UK housing downturn eases as January RICS balance improves
Summary:
UK January RICS house price balance rises to -10 from revised -13.
Beat Reuters poll expectation of -11.
New buyer enquiries improve to highest since July.
12-month sales expectations jump to strongest since Dec 2024.
Early signs of stabilisation, though activity remains subdued.
Britain’s housing market showed further signs of stabilising in January, with the latest survey from the Royal Institution of Chartered Surveyors suggesting the downturn is gradually easing.
The RICS house price balance — which measures the net percentage of surveyors reporting price increases rather than declines — improved to -10% in January, up from a revised -13% in December. The reading was slightly stronger than the -11% expected in a Reuters poll and marked the least negative result since June. Although the index remains below zero, indicating that more surveyors still report falling prices than rising ones, the improvement points to a moderation in the pace of declines.
Demand indicators also firmed. The gauge of new buyer enquiries rose to -15% from -21%, the highest level since July. While activity remains subdued in absolute terms, the direction of travel suggests buyer interest is beginning to recover after a prolonged period of weakness driven by higher mortgage rates and affordability pressures.
Forward-looking measures were more encouraging.

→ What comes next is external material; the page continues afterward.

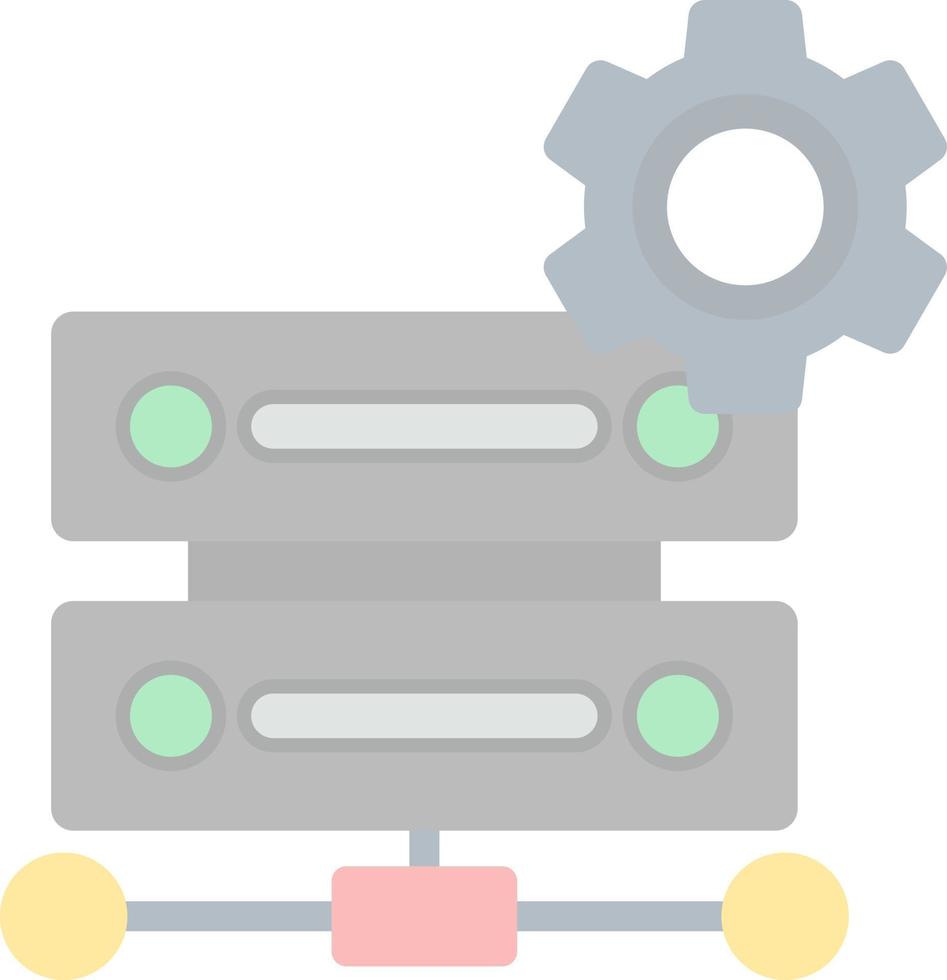 Data Management Vector Icon Design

RICS’ indicator for sales expectations over the next 12 months climbed to its strongest level since December 2024, signalling improving sentiment among property professionals about the year ahead.
The survey follows recent reports from mortgage lenders including Nationwide Building Society and Halifax, which both recorded modest monthly house price gains. Analysts have attributed the tentative improvement to easing fiscal uncertainty following Chancellor Rachel Reeves’ late-November budget, alongside broader signs of economic stabilisation in early 2026.
Even so, RICS cautioned that activity levels remain relatively low and that any recovery is likely to be gradual rather than sharp, with affordability constraints and interest rate expectations continuing to shape the outlook.